Although the present disclosure has been described in detail, it should be understood that various changes, substitutions, and alterations can be made hereto without departing from the spirit and the scope of the disclosure as defined by the appended claims.

Claims

1. A method for preventing malware attacks, comprising:

identifying a set of data whose malware status is not known to be safe;
launching an application using the data;
determining that one or more prior memory allocations have been created by the application;
determining that a new memory allocation has been created by the application;
comparing the new memory allocation to the prior memory allocations; and
based on the comparison, determining whether the data includes malware.

2. The method of claim 1, wherein:

comparing the new memory allocation to the prior memory allocations comprises applying a criterion for determining whether the new memory allocation matches one or more of the prior memory allocations; and
determining whether the data includes malware is based upon the application of the criterion.
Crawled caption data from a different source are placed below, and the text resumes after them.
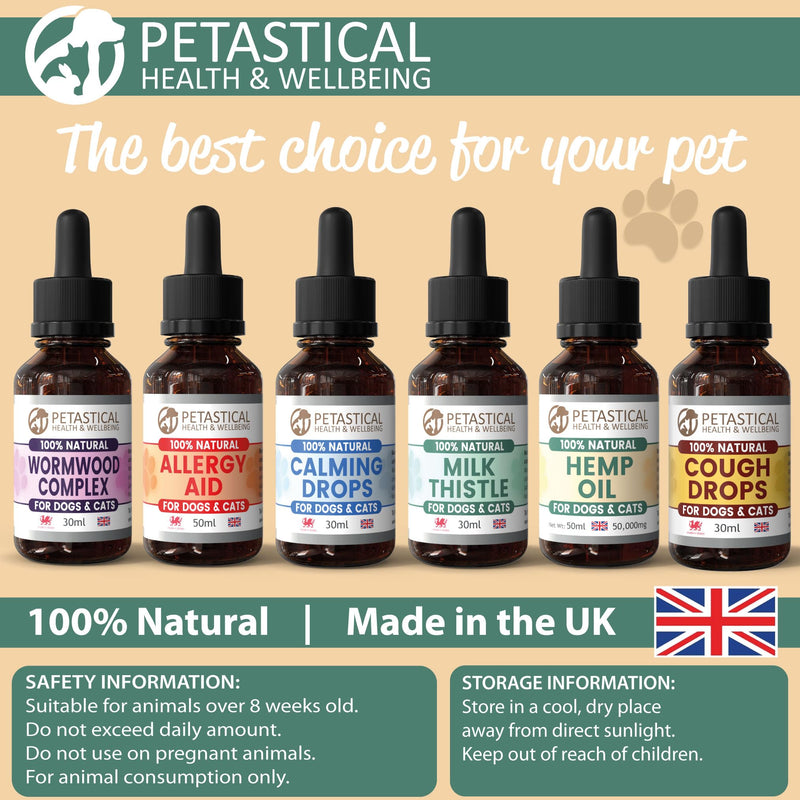 Hemp Oil for Dogs, Cats - Natural Calming Aid Omega Vitamins Rich Supplement Drops for Pets, Hip Joint, Valerian Skullcap Alternative - 50 ml 50ml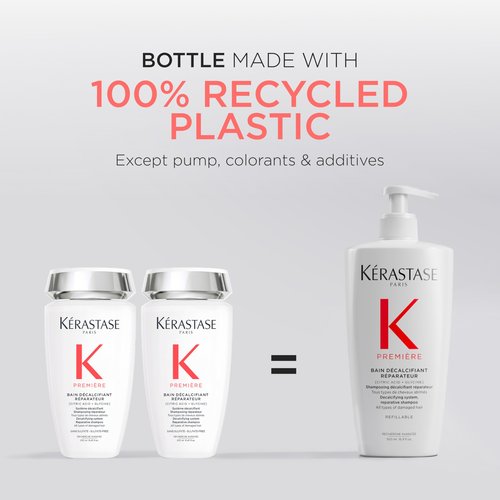 Kerastase Première Bain Décalcifiant Réparateur Shampoo - Gently Cleanses, Removes Calcium Overdose, Repairs & Strengthens Damaged Hair, 16.9 Fl Oz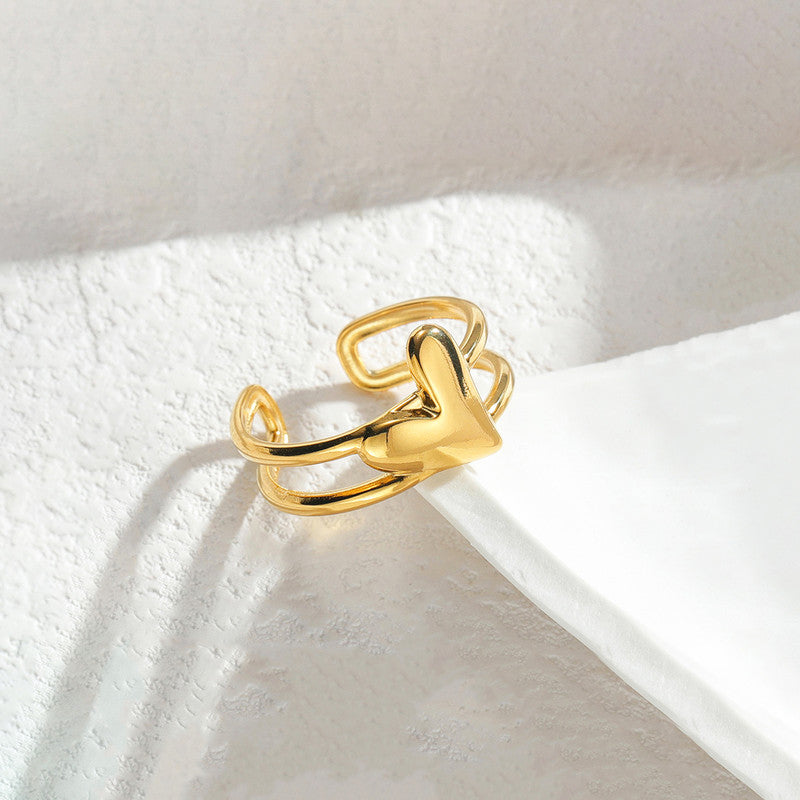 Jewels Galaxy Gold Plated Anti Tarnish Stainless Steel Heart Themed Adjustable Finger Ring
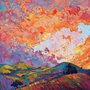 bright oil painting of hills and a orange sunset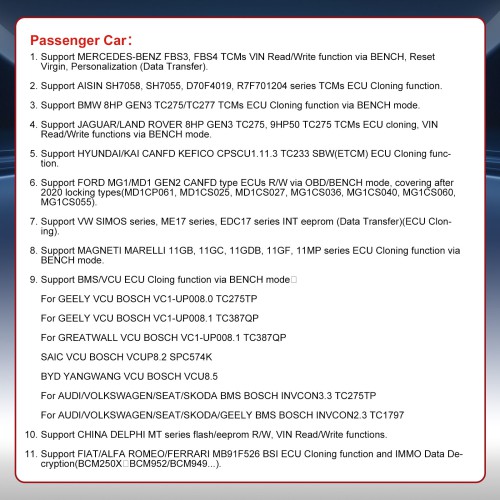 OBDSTAR ECU MASTER A Configuration: Passenger Car TCM + ECM + BODY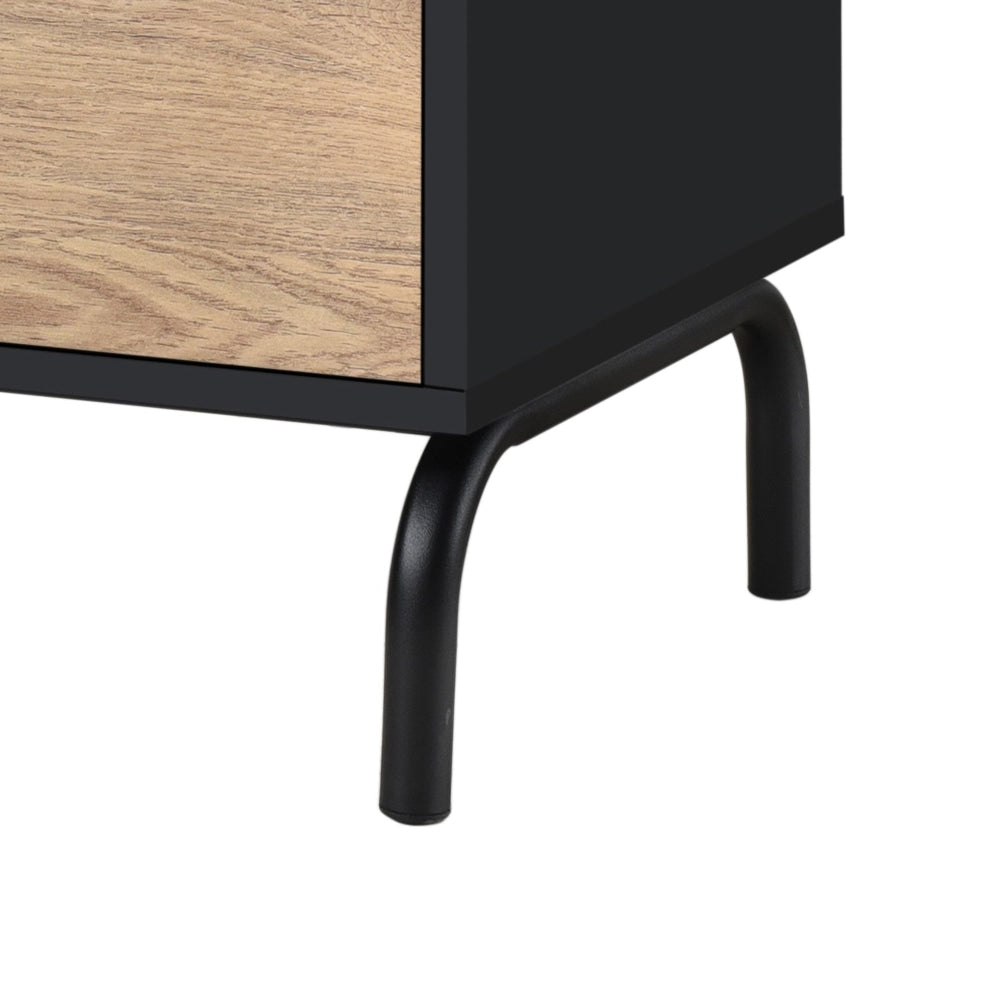 Madden Scandinavian Wooden Bedside Side Table NightStand - Oak & Black Fast shipping On sale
3. The method of claim 1, further comprising:

emulating the execution of the application on a virtual machine;
detecting a termination of an execution loop in the execution of the application on the virtual machine; and
creating the new memory allocation on the virtual machine;
wherein comparing the new memory allocation and the prior memory allocations is conducted after detecting the termination of the execution loop.

4. The method of claim 1, wherein:

comparing the new memory allocation to the prior memory allocations comprises comparing a checksum of the new memory allocation to a checksum of one or more of the prior memory allocations; and
determining whether the data includes malware comprises determining whether the new memory allocation checksum equals the checksum of any of the prior memory allocations.

5. The method of claim 1, wherein:

comparing the new memory allocation to the prior memory allocations comprises comparing the size of the new memory allocation to the size of one or more prior memory allocations; and
determining whether the data includes malware comprises determining whether the size of the new memory allocation is within a threshold amount of the size of any of the prior memory allocations.

6. The method of claim 1, wherein:

comparing the new memory allocation to the prior memory allocations comprises comparing the creation time of the new memory allocation to the creation time of one or more prior memory allocations; and
determining whether the data includes malware comprises determining whether the new memory allocation was created within a threshold creation time of any of the prior memory allocations.

7. The method of claim 1, wherein:

comparing the new memory allocation to the prior memory allocations comprises comparing a first entropy value of the new memory allocation to a second entropy value of one or more prior memory allocations; and
determining whether the data includes malware comprises determining whether the first entropy value is within a threshold amount of the second entropy value.

8. The method of claim 1, wherein:

comparing the new memory allocation to the prior memory allocations comprises two or more of: comparing a checksum of the new memory allocation to a checksum of one or more of the prior memory allocations; comparing the size of the new memory allocation to the size of one or more prior memory allocations; comparing the creation time of the new memory allocation to the creation time of one or more prior memory allocations; and comparing a first entropy value of the new memory allocation to a second entropy value of one or more prior memory allocations; and
determining whether the data includes malware comprises determining two or more of: whether the new memory allocation checksum equals the checksum of any of the prior memory allocations; whether the size of the new memory allocation is within a first threshold amount of the size of any of the prior memory allocations; whether the new memory allocation was created within a second threshold creation time of any of the prior memory allocations; whether the first entropy value is within a third threshold amount of the second entropy value.

9. The method of claim 1, further comprising:

based on the comparison, determining that the malware status of the data is unknown; and
performing anti-malware analysis based on the contents of the data to determine whether the data includes malware.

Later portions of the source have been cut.